Adopt Authorization Code Grant

[jgaehring]

See https://www.drupal.org/project/farm/issues/3185721#comment-13960019

@paul121, @mstenta and I just discussed this in a call and I think this is something we can postpone for now, b/c the security concern @paul121 raised in that d.o issue can be easily remedied without forcing Field Kit to switch over to Authorization Code Grant. That is, we can keep using the Password Credentials Grant, even while adding a redirect url for farm_client's Authorization Code. We could do so indefinitely, but I think it makes sense to adopt Authorization Codes and redirects from a UX perspective, whenever we get a chance.

[jgaehring]

Quick followup on one other potential issue @mstenta raised with redirects:

What url would we give as the redirect_uri for the Cordova builds?

I was trying to remember the bit we did to finally resolve #324:

https://github.com/farmOS/farmOS-client/blob/684f19efbd3a0399292f0c3cf1cbafd1edaa2570/config.xml#L27-L28

Basically, the config above makes our domain app://localhost/, at least for the iOS build, so presumably our redirect_uri would need to be something like that.

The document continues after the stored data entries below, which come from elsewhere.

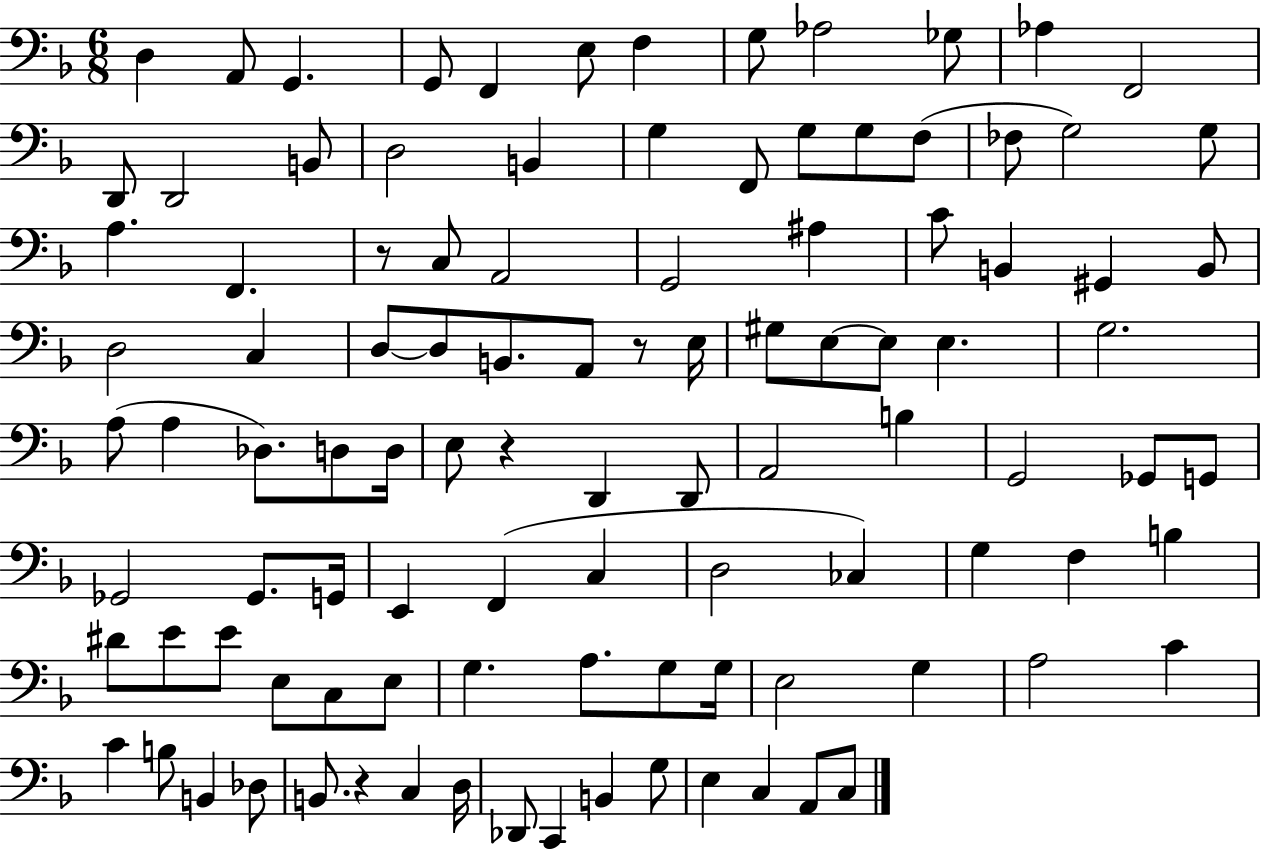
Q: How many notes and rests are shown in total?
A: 104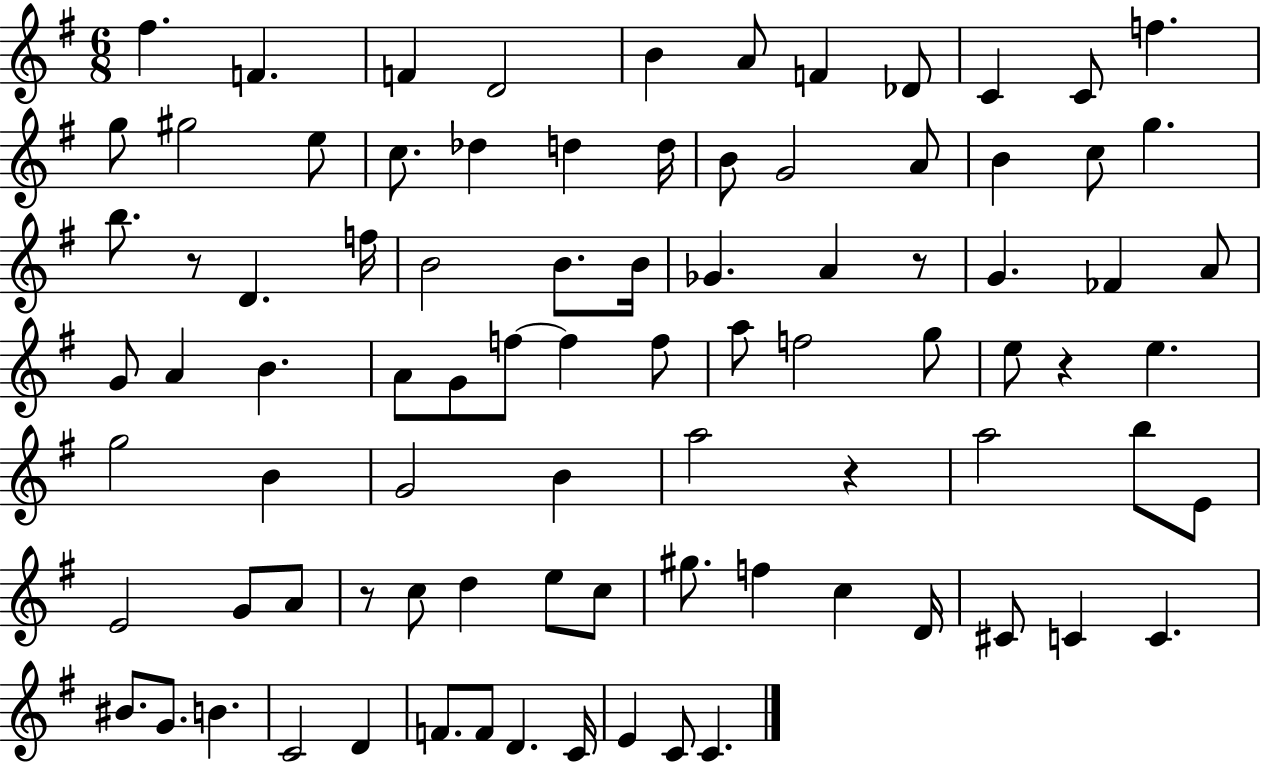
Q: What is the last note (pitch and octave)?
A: C4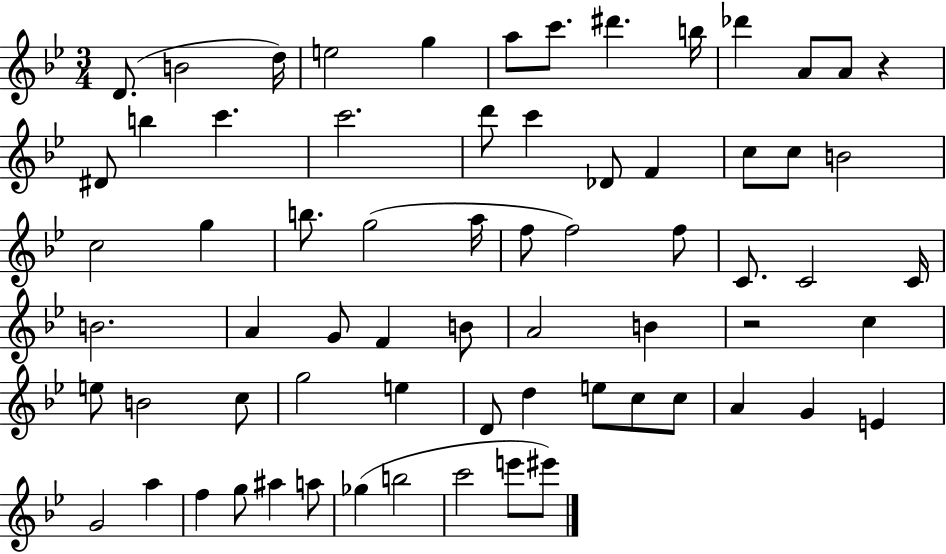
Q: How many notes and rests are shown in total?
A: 68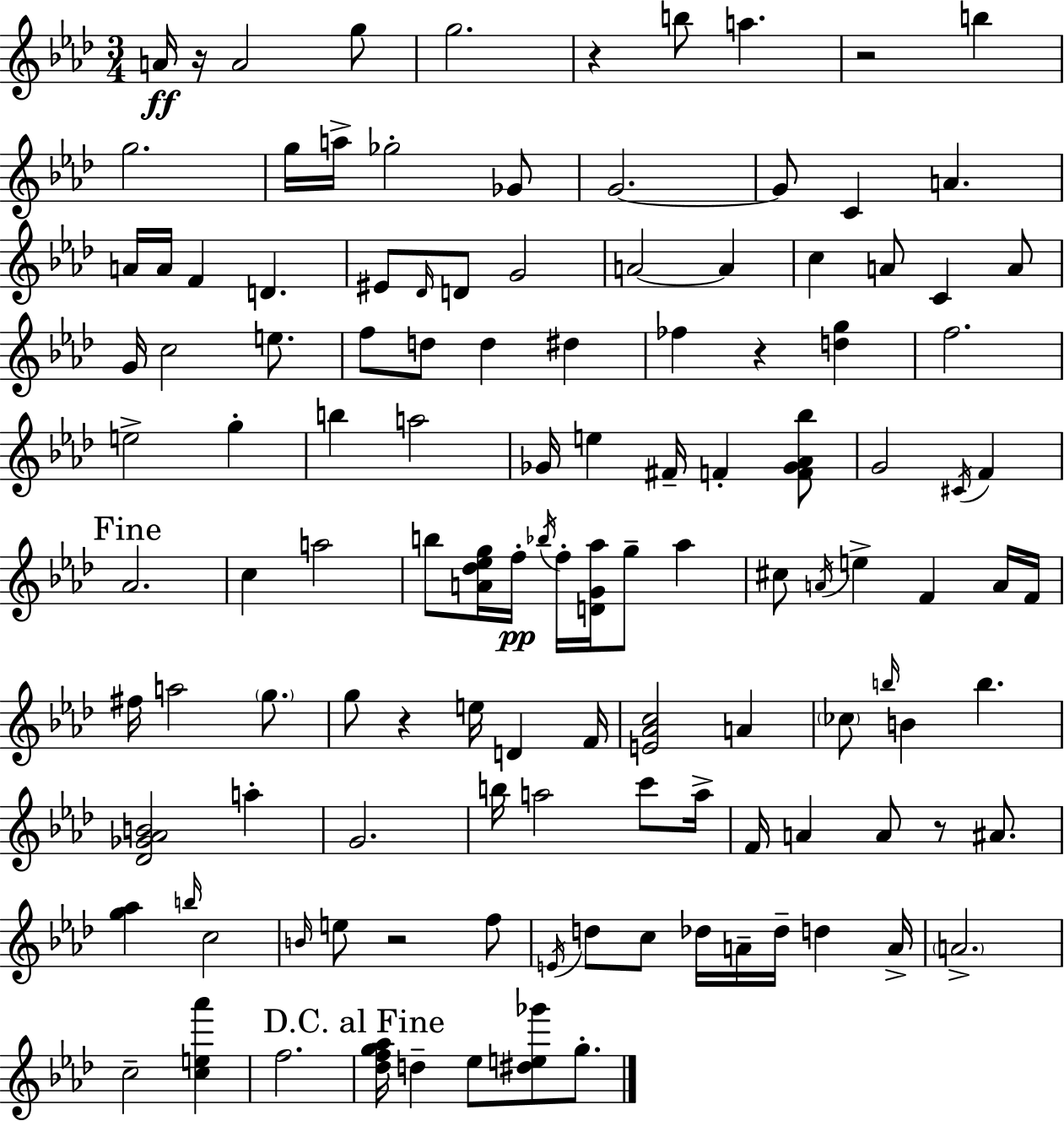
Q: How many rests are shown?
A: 7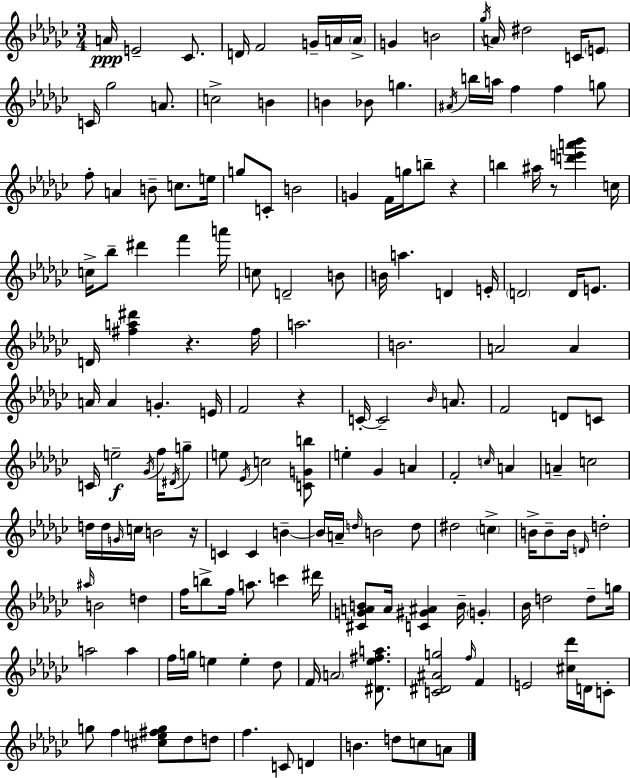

But no telling for sure until we actually try it out. Which is all the more reason to punt.

[paul121]

Just did a quick search, a couple good resources for implementing this in native apps:

• https://tools.ietf.org/html/rfc8252#section-4.1 (It's actually explained quite well in the spec, even includes a diagram!)
• https://auth0.com/blog/oauth-2-best-practices-for-native-apps/
• https://www.oauth.com/oauth2-servers/oauth-native-apps/checklist-server-support-native-apps/

The authorization server must permit at least three redirect URI options for the response sent back to the native app:

Private-Use URI Scheme Redirection
Claimed "https" Scheme URI Redirection
Loopback Interface Redirection

Regarding the redirect_uri... app://localhost seems like it would be valid!

But yes, this seems like something we can punt on for now. It shouldn't be awfully hard to incorporate the authorization flow later on 👍

---

FWIW... perhaps most important here is that an embedded user-agent (like web-view) is NOT used. An external user-agent (like a browser) should be used instead: https://tools.ietf.org/html/rfc8252#section-8.12

Section 9 of OAuth 2.0 [RFC6749] documents two approaches for native
apps to interact with the authorization endpoint. This best current
practice requires that native apps MUST NOT use embedded user-agents
to perform authorization requests and allows that authorization
endpoints MAY take steps to detect and block authorization requests
in embedded user-agents. The security considerations for these
requirements are detailed herein.

Embedded user-agents are an alternative method for authorizing native
apps. These embedded user-agents are unsafe for use by third parties
to the authorization server by definition, as the app that hosts the
embedded user-agent can access the user's full authentication
credential, not just the OAuth authorization grant that was intended
for the app.

In farmOS 1.x I think it's possible to register multiple redirect_uri per client. But it doesn't seem like this is the case for 2.x. For this reason, we might need to create two clients: farm_client and farm_client_native, so that each has its own redirect_uri. An added benefit of two clients is that users' access history would be separated between two clients as well, and tokens could be revoked independently. Just some added granularity.